WHAT NEEDS TO BE DONE >>
Given the records below, the lines starting at the line with "新加坡全国封城，芯片<spa" and ending at the line with "2/10 Bali Avenue, Palm Beach QLD 4221" should be output exactly, both end lines kept and pictures left out.

INFORMATION SHOWN >>
^^^^^^^^

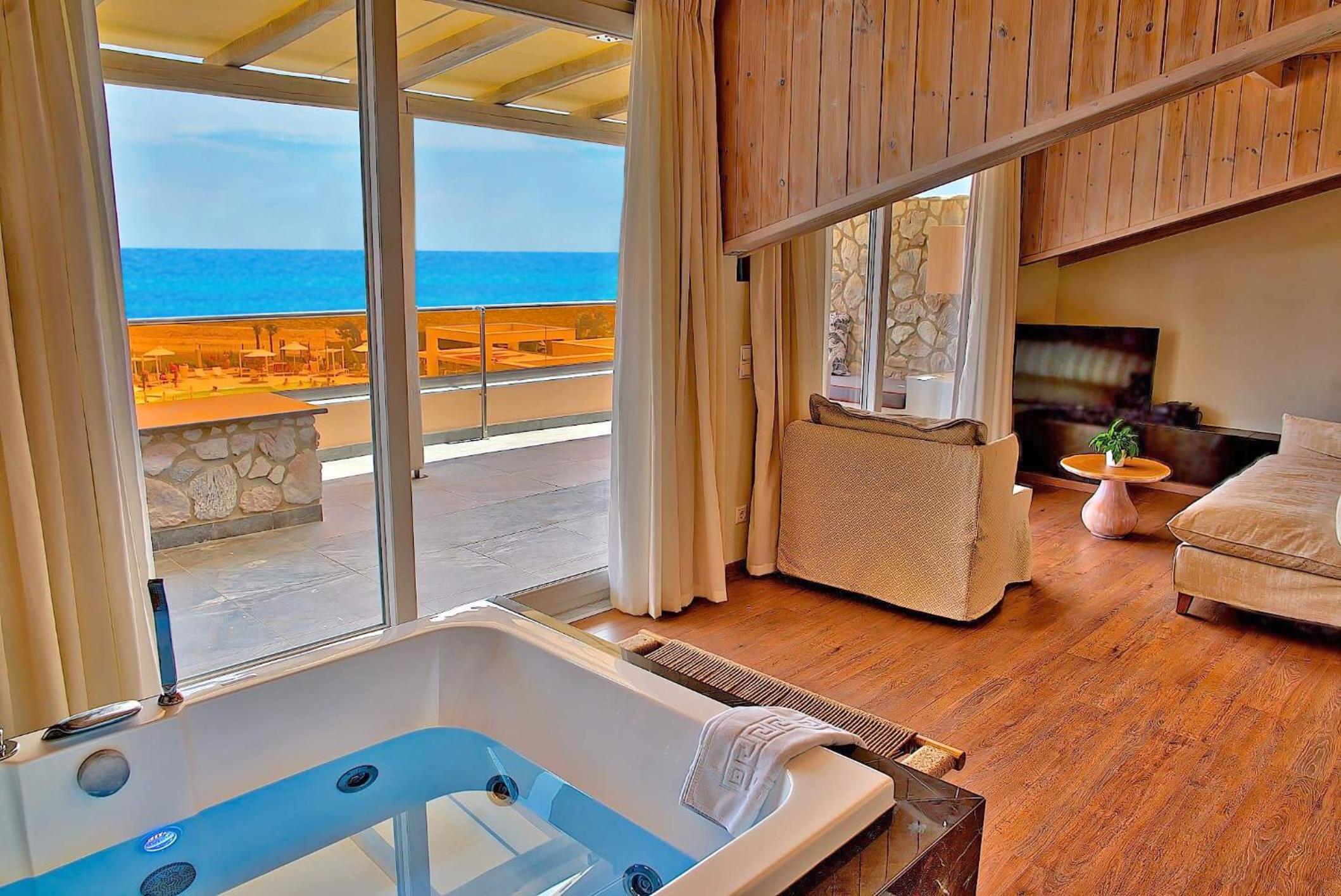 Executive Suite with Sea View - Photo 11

^^^^^^^^

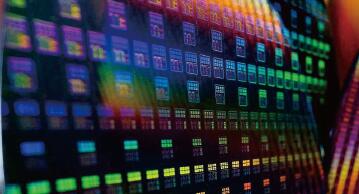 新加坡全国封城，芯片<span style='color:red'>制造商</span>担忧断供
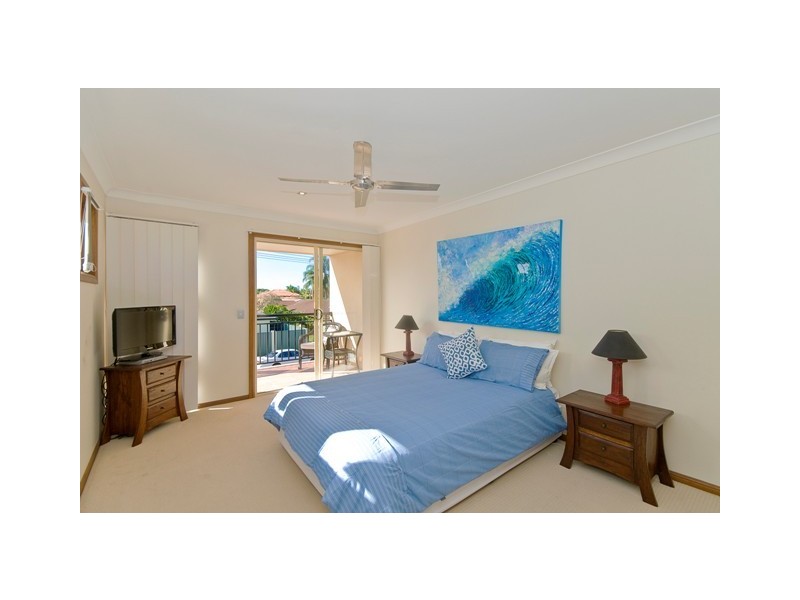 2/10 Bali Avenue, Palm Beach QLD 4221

^^^^^^^^

WORKED SOLUTION >>
 新加坡全国封城，芯片<span style='color:red'>制造商</span>担忧断供
 2/10 Bali Avenue, Palm Beach QLD 4221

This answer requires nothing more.